Swing oversaw the Border patrol, and organized state and local officials along with the police. The object of his intense border enforcement were "illegal aliens," but common practice of Operation Wetback focused on Mexicans in general. The police swarmed through Mexican American barrios throughout the southeastern states. Some Mexicans, fearful of the potential violence of this militarization, fled back south across the border. In 1954, the agents discovered over 1 million illegal immigrants.

In some cases, illegal immigrants were deported along with their American-born children, who were by law U.S. citizens.

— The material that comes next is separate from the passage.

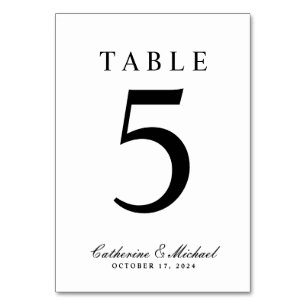 Numéro De Table Mariage noir et blanc classique absolu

The agents used a wide brush in their criteria for interrogating potential aliens. They adopted the practice of stopping "Mexican-looking" citizens on the street and asking for identification. This practice incited and angered many U.S. citizens who were of Mexican American descent. Opponents in both the United States and Mexico complained of "police-state" methods, and Operation Wetback was abandoned.

The effort began in California and Arizona, and coordinated 1075 Border Patrol agents, along with state and local police agencies, to mount an aggressive crackdown. Tactics employed included going as far as systematic police sweeps of Mexican-American neighborhoods, and using racial profiling on random stops and ID checks of "Mexican-looking" people in a region with many Native Americans and native Hispanics. In some cases, illegal aliens were deported along with their American-born children.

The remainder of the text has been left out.